Definition of "one timestep" when using ExternalEnv

How severe does this issue affect your experience of using Ray?

  • Low: It annoys or frustrates me for a moment.

I am training a DQN agent using the PolicyServer / PolicyClient with the default ExternalEnv similar to the cartpole example.

From my external simulator (written in Java) I call a wrapper API hosted with Ray Serve which uses the PolicyClient to interact with the PolicyServer. My training loop is as follows:

  1. client.start_episode
  2. client.get_action
  3. client.log_returns (12 times)
  4. client.get_action
  5. client.log_returns (12 times)
  6. client.end_episode

Between each client.get_action call I log the returns 12 times because the simulator takes a few timesteps until the full consequences of the action are visible. This can make sense because ExternalEnv accumulates the rewards until the next client.get_action call, correct?

My main question is how a “timestep” is defined in this scenario. Does one episode in this example consist of 2 timesteps (because get_action is called twice) or 24 timesteps because 24 returns are logged?

I am asking because I am confused by the “learning_starts” and “timesteps_per_iteration” options in the DQN config.

Why not just delay your call to get_action until the sim gets to a state where it’s ready for the next action?

This is what I am doing right now. I call get_action and wait until it is ready for the next action. And while it waits it logs the returns it gets from the environment.

But my question is if one timestep equals one call to get_action or one call to log_returns?

One time step equals a call to get/log actions. Logging returns does not advance the step.

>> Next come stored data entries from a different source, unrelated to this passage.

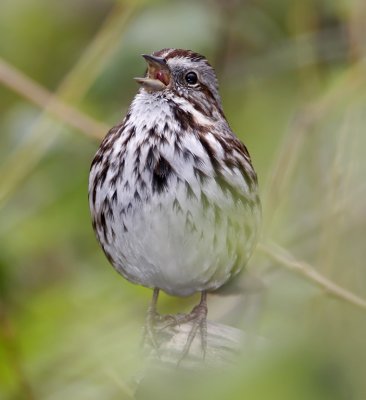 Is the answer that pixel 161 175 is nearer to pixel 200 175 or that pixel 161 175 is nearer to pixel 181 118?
pixel 200 175

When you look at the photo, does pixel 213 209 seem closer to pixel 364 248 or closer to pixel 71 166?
pixel 71 166

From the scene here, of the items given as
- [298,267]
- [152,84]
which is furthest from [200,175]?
[298,267]

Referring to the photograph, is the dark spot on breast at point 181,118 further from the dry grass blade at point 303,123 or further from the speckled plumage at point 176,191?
the dry grass blade at point 303,123

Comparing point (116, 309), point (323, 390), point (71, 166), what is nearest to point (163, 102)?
point (116, 309)

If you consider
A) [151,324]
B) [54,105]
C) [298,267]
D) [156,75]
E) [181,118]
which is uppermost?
[156,75]

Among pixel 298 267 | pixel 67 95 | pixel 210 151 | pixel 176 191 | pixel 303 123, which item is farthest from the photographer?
pixel 67 95

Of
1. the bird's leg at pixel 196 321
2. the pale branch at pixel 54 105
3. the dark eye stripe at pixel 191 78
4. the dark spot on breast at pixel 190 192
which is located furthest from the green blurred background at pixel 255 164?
the dark eye stripe at pixel 191 78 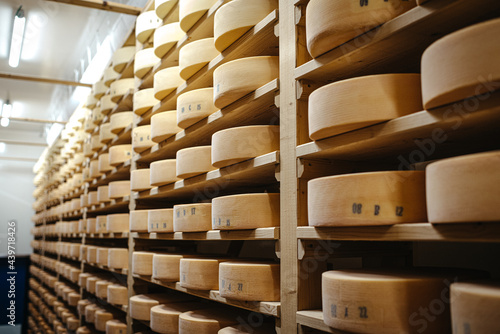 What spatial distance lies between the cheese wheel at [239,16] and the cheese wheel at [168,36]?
82 centimetres

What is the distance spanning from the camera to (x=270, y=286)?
1.79m

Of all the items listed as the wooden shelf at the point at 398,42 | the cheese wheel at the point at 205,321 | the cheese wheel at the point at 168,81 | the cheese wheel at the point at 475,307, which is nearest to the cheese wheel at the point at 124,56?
the cheese wheel at the point at 168,81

There is one extra detail in multiagent configs where you can count steps by the number of environment steps or the number of agent steps. I do not think this was your question though. You can find more detail if you are interested in the link below. Search for multiagent.count_steps_by.
https://docs.ray.io/en/latest/rllib/rllib-sample-collection.html#the-samplecollector-class-is-used-to-store-and-retrieve-temporary-data

Here is where the commands are handled:

Here is the start of log_returns:

Thank you, this clarifies my question.